The World’s Most Over Engineered BBQ Thermometer

So let me tell you a story. Our story starts on Christmas morning, 2018. I was hosting, my family had spent the night at my house christmas eve. Being foodies we were beyond excited for the succulent 8lb prime grade prime rib that we would be cooking that day, outside on the large big green egg on my deck.

We had an amazing Christmas with presents galore. The grill was at the perfect temperature, the $160 cut of prime grade beef was prepped and it was time to cook. It all went without a hitch as I loaded the grill up and placed the dual temperature probes - one in the meat one on the grill itself. We waited, and waited. After about five hours it seemed like it should be done but the thermometer i was using at the time insisted no that it was not done. So we waited and waited longer. Finally being very curious why it was taking so long I grabbed another instant read thermometer and checked it myself. At 120F we were going to remove it from the grill and let it gradually come up to a perfect rare doneness.
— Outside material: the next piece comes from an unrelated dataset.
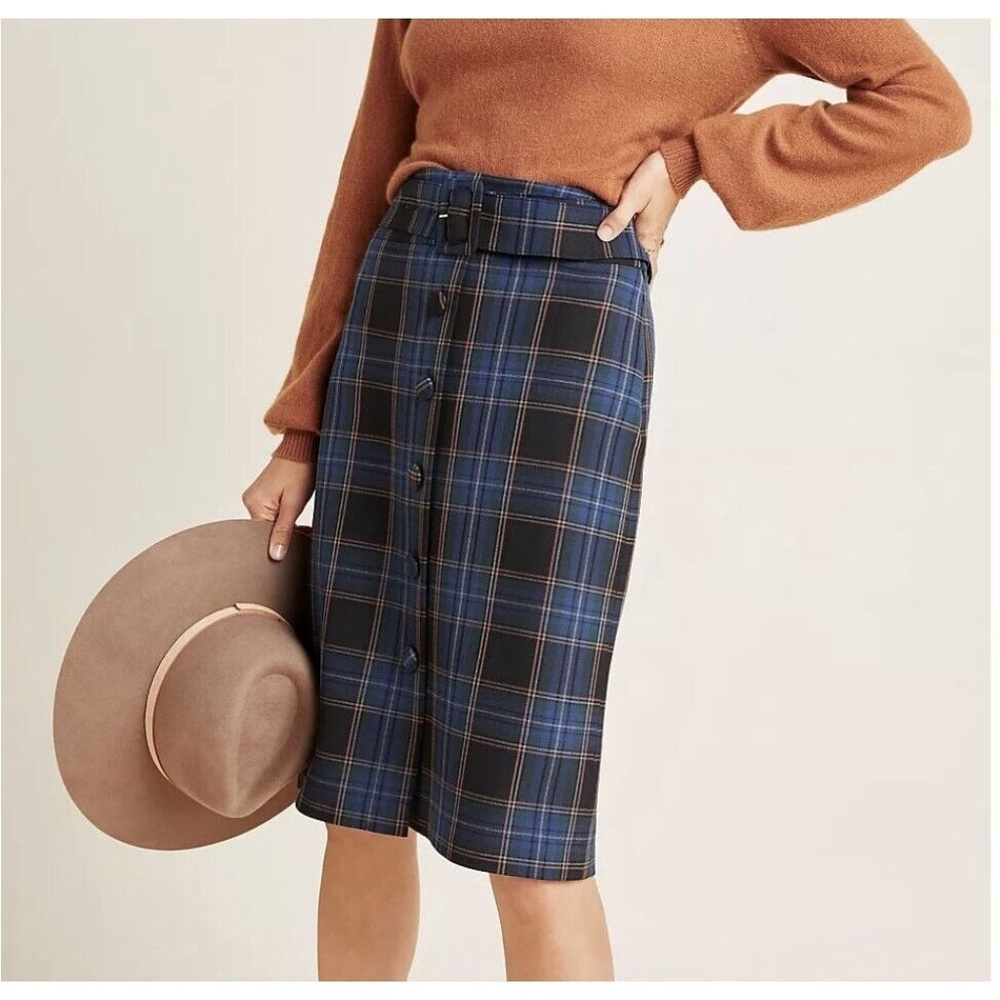 Maeve Anthropologie SIZE 4 Pencil Skirt Navy Blue Plaid Button Front Belted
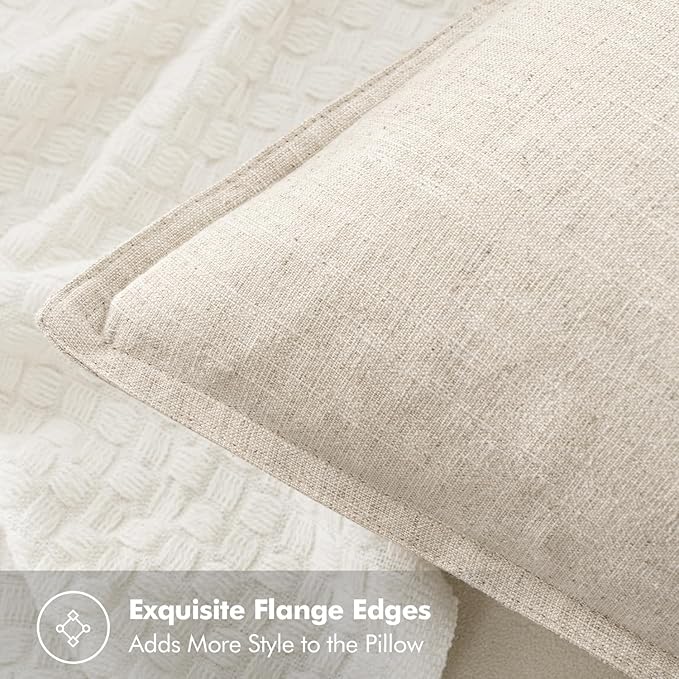 MIULEE Decorative Linen Euro Sham Pillow Covers 26x26 Natural Beige Boho FarmhouseNeutral Christmas Couch Throw Pillows for Bed Pack of 2 Accent Modern Pillowcase Sofa Livingroom Home Decor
When I plunged the thermometer into the roast I was horrified to see it was already at 142f. It was overcooked by 22 degrees. My thermometer probe had failed and could not be trusted any more. Something had to be done before next christmas.

But what to do? As I stood in shock from the tragedy that had befallen us a plan suddenly became clear.
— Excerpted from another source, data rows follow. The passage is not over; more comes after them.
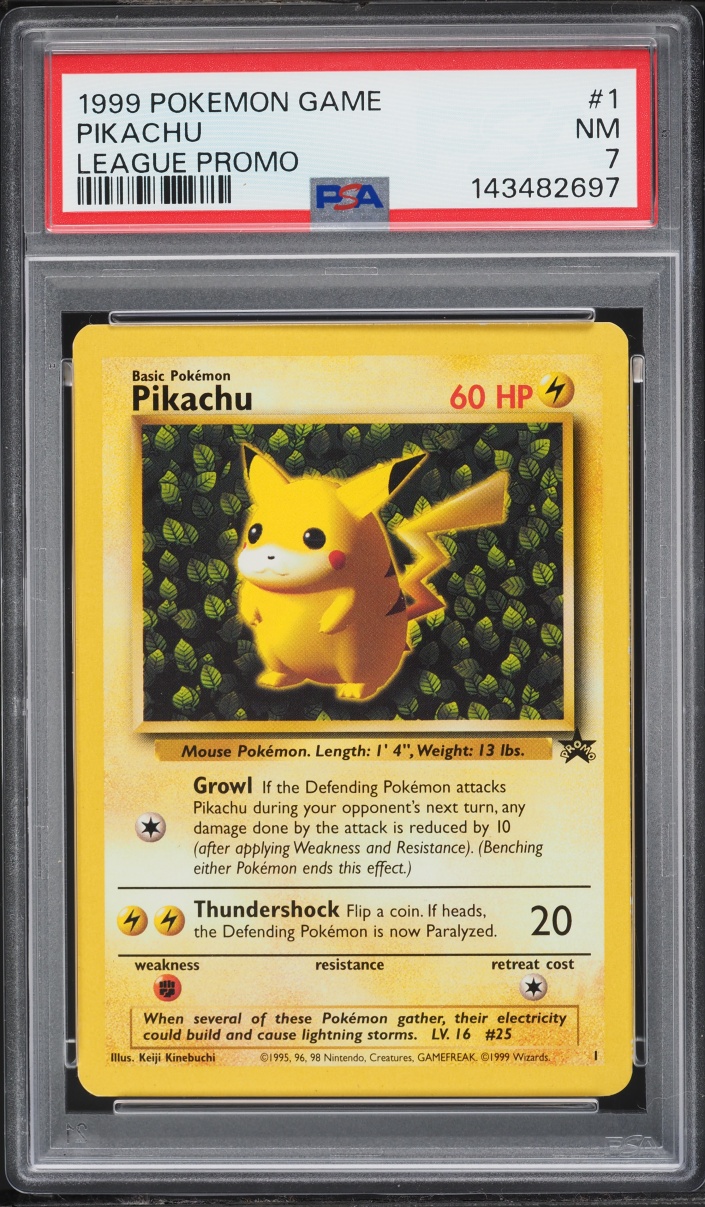 1999 Pokemon League Black Star Promo Pikachu #1 PSA 7 NRMT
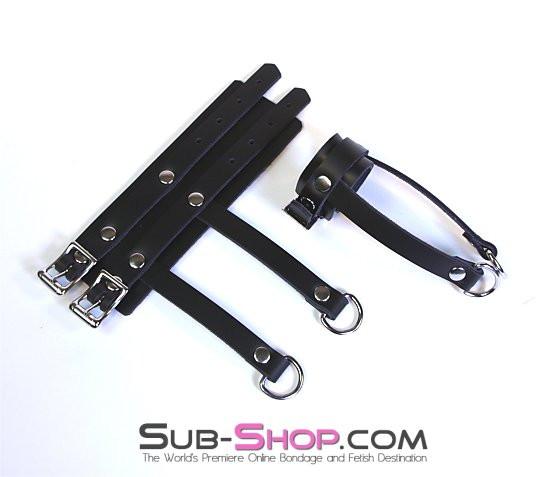 0788A-SIS Sissy's Leather Buckling Ball Stretcher Bondage Strap - Image 3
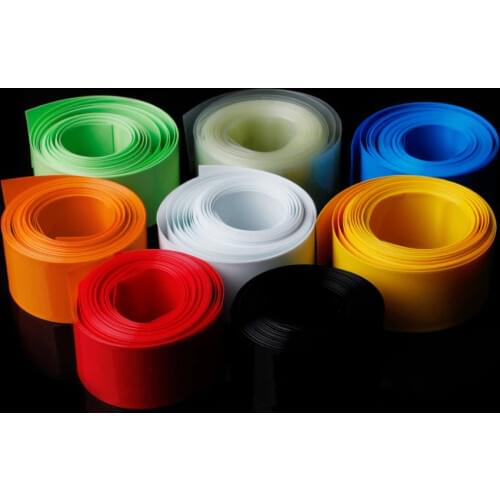 OOTDTY 5m PVC Heat Shrink Tubing Tube Wrap Kit For 18650 18500 Battery Flat Round 18.5mm Wiring Accessories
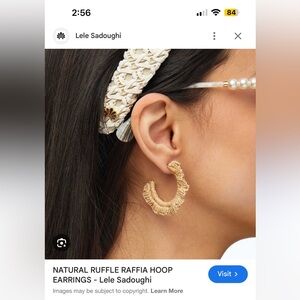 BNWT Lele Sadoughi Ruffled Raffia Hoop Earrings, $65 (+ $6 CA tax).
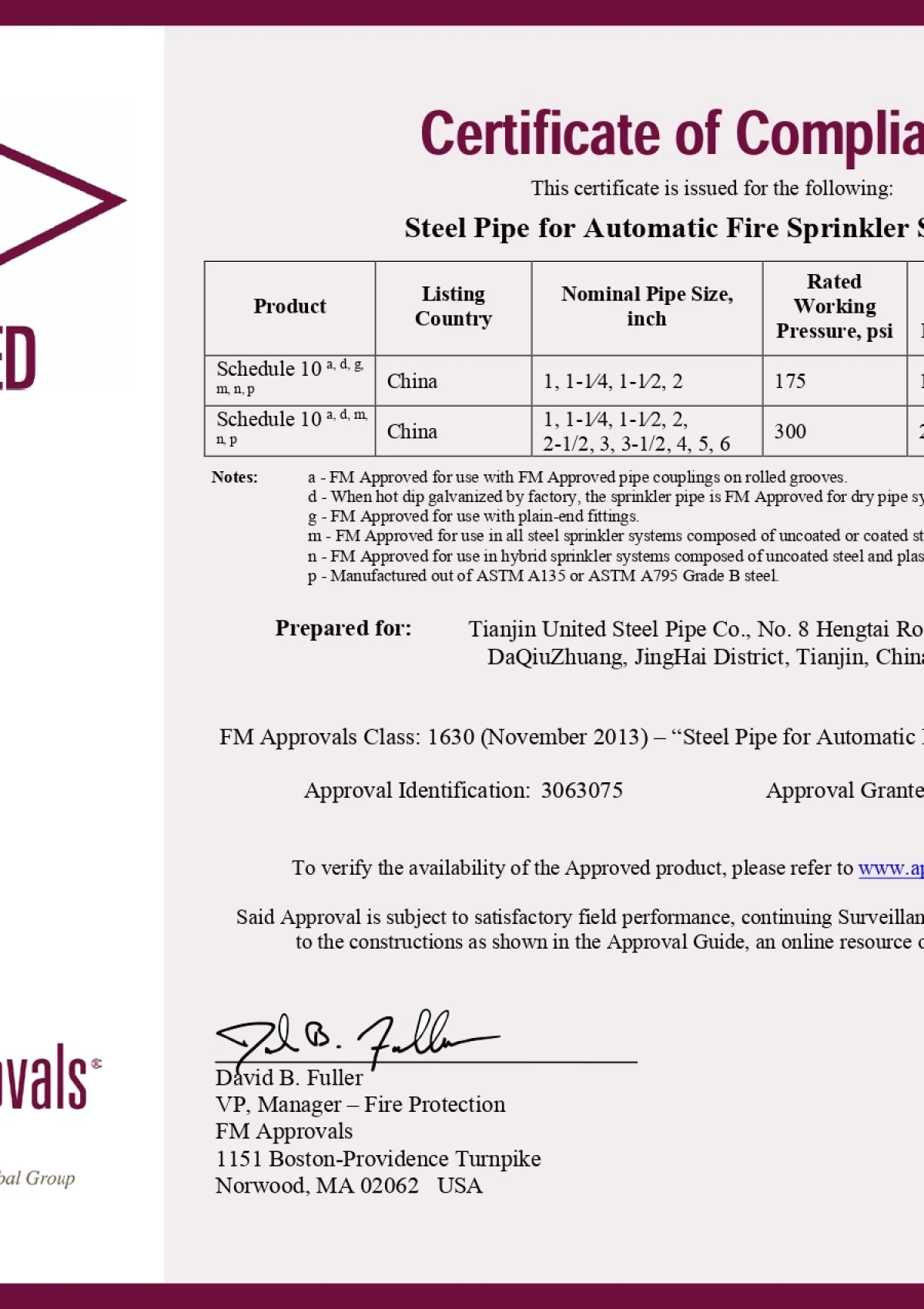 FM APPROVED Automatic Fire Sprinkler Systems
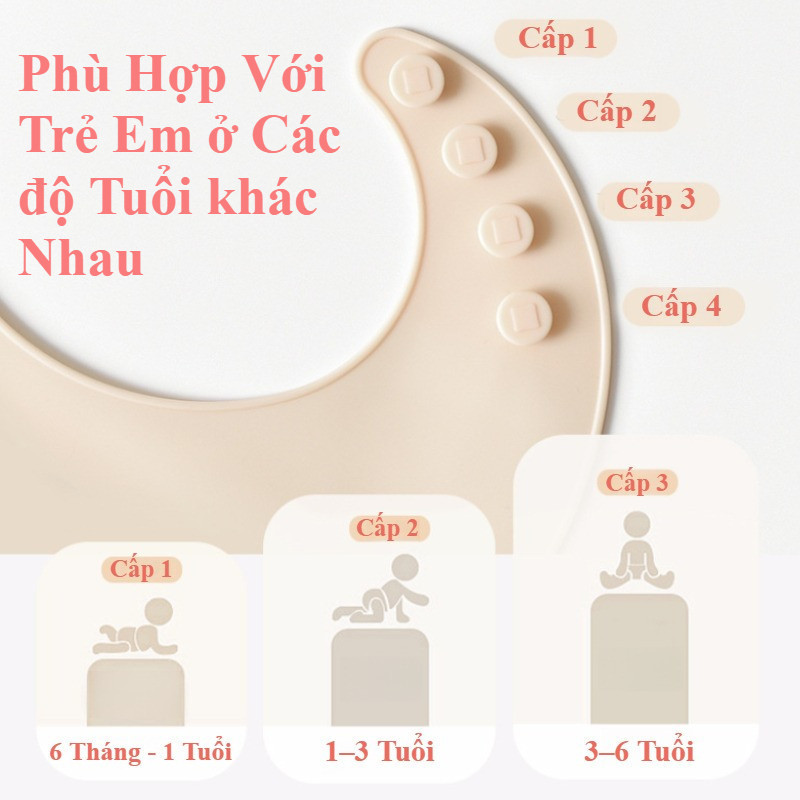 Yếm Silicon Chống Thấm Cho Bé 3-8 Tuổi – Có Máng Hứng Thức ăn, Mềm Mại, Dễ Lau Chùi, Phù Hợp Cả Bé Trai Và Bé Gái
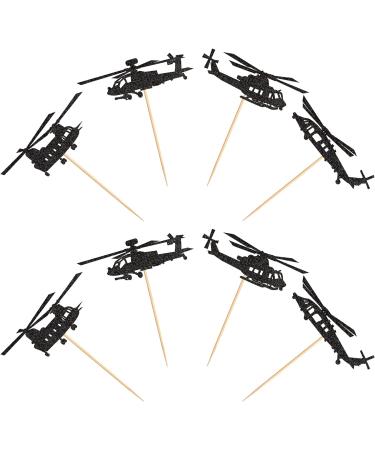 Ercadio 24 Pack Helicopter Cupcake Toppers Black Glitter Aircraft Cupcake Picks Plane Cupcake Toppers for Airplane Theme Party Birthday Baby Shower Cake Decor Supplies C-black 2 - Buy Online on GoSupps.com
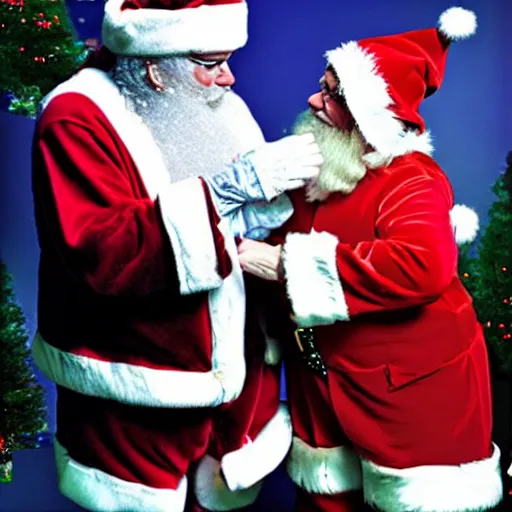 Prompt: a photograph of a fox meeting santa claus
There is only one thing to do. Only one course of action that would be possible. Build a Mult-Tenant Kubernetes Based BBQ Thermometer in Golang.

Why had I not seen the need for this before? By capturing more than one probe’s worth of data for each data source (two for grill, two for meat) then one could not fail without leaving detectable evidence of the failure. Also, by tracking historical data and combining it with ambient weather conditions if both probes did fail you could compare past cooks with historical ones and against historical weather conditions to tell when the time was getting abnormally long for a cook.
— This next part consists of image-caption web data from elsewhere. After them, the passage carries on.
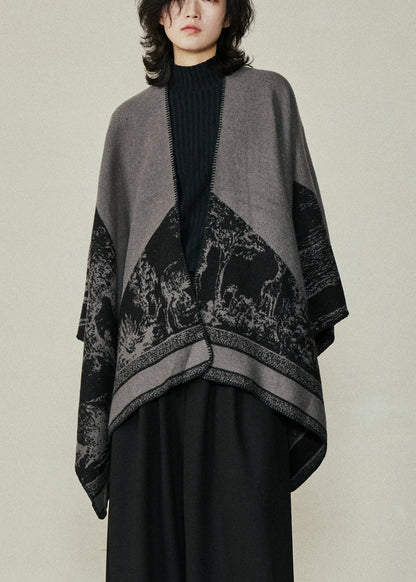 Organic Black V Neck Print Cotton Knit Shawl Coats Fal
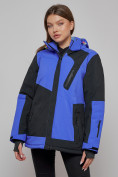 Купить Горнолыжная куртка женская зимняя большого размера синего цвета 23661S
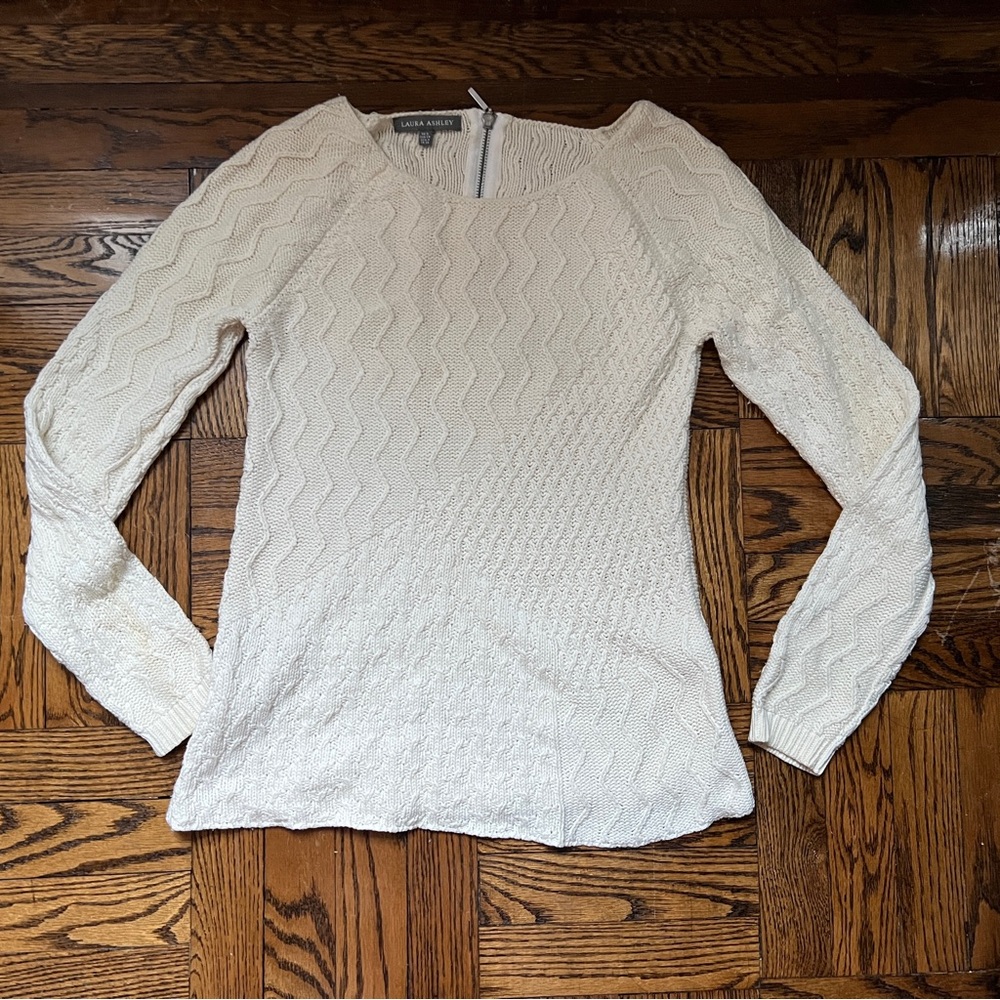 Laura Ashley spring sweater, unique combination of different knit patterns
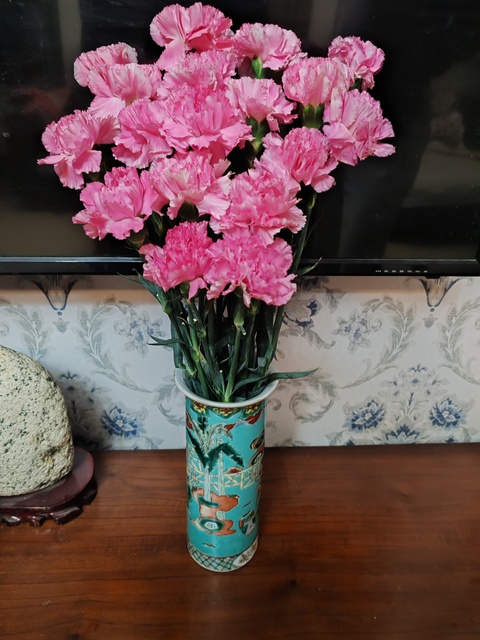 古玩陶瓷松石綠地粉彩人物故事劍筒拍賣，當前價格12000元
That was just the start though, eventually I would be able to build in AI to detect an event hours before it happened by comparing the temperature curve with historical data. Gradient descent might be a simple way to do it.

It needed to be run in Kubernetes because I would need the scalability of being able to go out to five thousand nodes. We take our bbq very seriously.

In the coming months I would build the thermometer. Its not done yet, the code is all here to be reviewed but there is more work to be done. I have gained a lot of insights by looking at the temperature curve of a cook. Specifically for the rather long cooks - Boston Butt or Brisket. By graphically analyzing the temperature curve I’m able to spot the stall and to see that sometimes it happens sooner than the 160f that its supposed to. Accurately detecting this can cut hours off of a cook.